Tokenization - identifying appropriate tokens such as words, punctuation, and numbers. Writing a function that takes a file as input and returns a tokenized version of it.
Profanity filtering - removing profanity and other words you do not want to predict.
Exploratory analysis - perform a thorough exploratory analysis of the data, understanding the distribution of words and relationship between the words in the corpora.
Understand frequencies of words and word pairs - build figures and tables to understand variation in the frequencies of words and word pairs in the data.
Build basic n-gram model - using the exploratory analysis you performed, build a basic n-gram model for predicting the next word based on the previous 1, 2, or 3 words.
Build a model to handle unseen n-grams - in some cases people will want to type a combination of words that does not appear in the corpora. Build a model to handle cases where a particular n-gram isn’t observed.
Build a predictive model based on the previous data modeling steps - you may combine the models in any way you think is appropriate.
Evaluate the model for efficiency and accuracy - use timing software to evaluate the computational complexity of your model. Evaluate the model accuracy using different metrics like perplexity, accuracy at the first word, second word, and third word.
Explore new models and data to improve your predictive model.
Evaluate your new predictions on both accuracy and efficiency.
Create a data product to show off your prediction algorithm You should create a Shiny app that accepts an n-gram and predicts the next word.
Create a slide deck promoting your product. Write 5 slides using RStudio Presenter explaining your product and why it is awesome!

Loading data

We start by loading in the assigned corpus (a collection of texts to analyze), derived from from blogs, news, and Twitter sources. The data set also also texts from other languages, but we will only focus on English sources here.

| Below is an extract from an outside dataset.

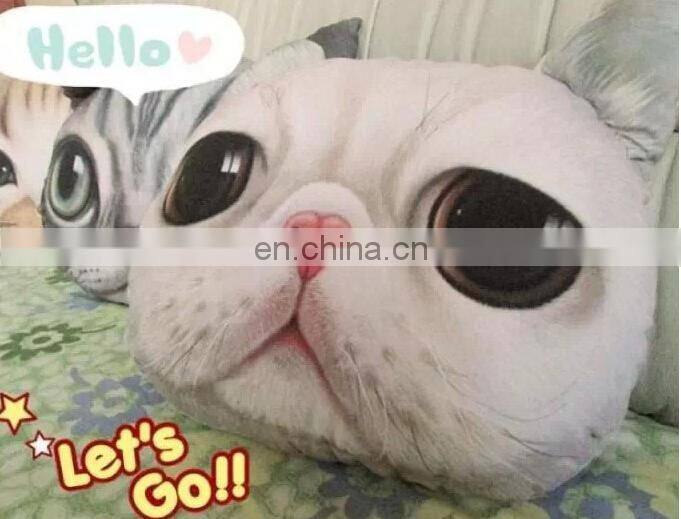 Custom Cartoon Cat Printed Pillow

We also load in a publically-available list of profanities to filter out later in our analysis.

# blogs
btemp <- file("en_US.blogs.txt", open = "r")
blogs <- readLines(btemp, encoding = "UTF-8", skipNul = TRUE)

# news
ntemp <- file("en_US.news.txt", open = "r")
news <- readLines(ntemp, encoding = "UTF-8", skipNul = TRUE)

# twitter
ttemp <- file("en_US.twitter.txt", open = "r")
twitter <- readLines(ttemp, encoding = "UTF-8", skipNul = TRUE)

close(btemp)
close(ntemp)
close(ttemp)
rm(btemp, ntemp, ttemp)

Next, we will quickly summarize the three text files comprising our corpus (i.e., file size, total number of lines, total number of words, and total number of characters). The table below demonstrates that these are quite large files, with tens of millions of words in the entire corpus. Texts from Twitter have fewer words per line, as expected given the platform’s constraints message length.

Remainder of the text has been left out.